As if that was not enough, they brazenly fired shots in the air to drive fear into the peaceful farmers, while trampling more than five years of coffee production and 30 years of this family's history.
Trees which stood tall on the hillside now laid flat on the ground, with red and green beans scattered around, like the emotions of the persons who depend on them.
"Is like me have this emptiness inside. There is no way mankind could wicked like dis fi do such tings," said Lukesha Anderson, one of the workers on the farms.
"Dis is di coffee wah we have, a reaping time. Dis is we likkle work weh we come, throw wi pardna, send wi kids to school. Now we out of a job!"

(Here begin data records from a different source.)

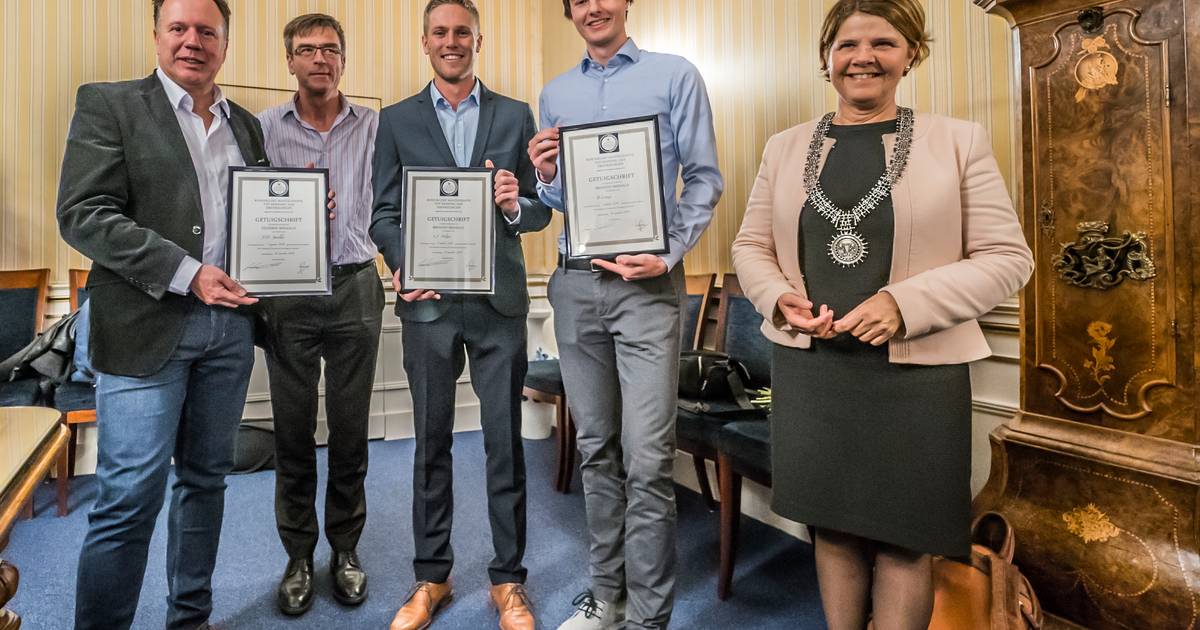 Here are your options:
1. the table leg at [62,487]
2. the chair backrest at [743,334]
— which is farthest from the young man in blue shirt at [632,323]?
the table leg at [62,487]

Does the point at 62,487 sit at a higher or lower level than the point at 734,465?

Another farmer, who was overcome with emotions as he walked through the destroyed farm, swung his cutlass, screaming, "No! No! Dis nuh right, man!"
The farmers said that they may experience further losses as the thugs have threatened to return this week to continue their campaign of demolition.
Last week's attack is believed to be in relation to a nearly decade-long dispute over land.
They are calling for the intervention of the Government and the police in this matter, as they fear this is not the end of the nightmare.